BEGIN

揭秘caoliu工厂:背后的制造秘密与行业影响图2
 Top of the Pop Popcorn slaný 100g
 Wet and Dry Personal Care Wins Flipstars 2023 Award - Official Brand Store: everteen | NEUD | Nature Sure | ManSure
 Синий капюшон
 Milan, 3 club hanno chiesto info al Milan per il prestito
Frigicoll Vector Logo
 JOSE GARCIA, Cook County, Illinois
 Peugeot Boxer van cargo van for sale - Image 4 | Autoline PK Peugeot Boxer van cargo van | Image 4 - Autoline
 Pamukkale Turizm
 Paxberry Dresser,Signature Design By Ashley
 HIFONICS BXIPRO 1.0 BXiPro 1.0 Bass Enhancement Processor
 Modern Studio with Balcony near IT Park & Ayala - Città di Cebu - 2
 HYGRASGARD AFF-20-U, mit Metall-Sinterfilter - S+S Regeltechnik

END

» What to work on
All of the entries should be written out again exactly.

» Answer box
揭秘caoliu工厂:背后的制造秘密与行业影响图2
 Top of the Pop Popcorn slaný 100g
 Wet and Dry Personal Care Wins Flipstars 2023 Award - Official Brand Store: everteen | NEUD | Nature Sure | ManSure
 Синий капюшон
 Milan, 3 club hanno chiesto info al Milan per il prestito
Frigicoll Vector Logo
 JOSE GARCIA, Cook County, Illinois
 Peugeot Boxer van cargo van for sale - Image 4 | Autoline PK Peugeot Boxer van cargo van | Image 4 - Autoline
 Pamukkale Turizm
 Paxberry Dresser,Signature Design By Ashley
 HIFONICS BXIPRO 1.0 BXiPro 1.0 Bass Enhancement Processor
 Modern Studio with Balcony near IT Park & Ayala - Città di Cebu - 2
 HYGRASGARD AFF-20-U, mit Metall-Sinterfilter - S+S Regeltechnik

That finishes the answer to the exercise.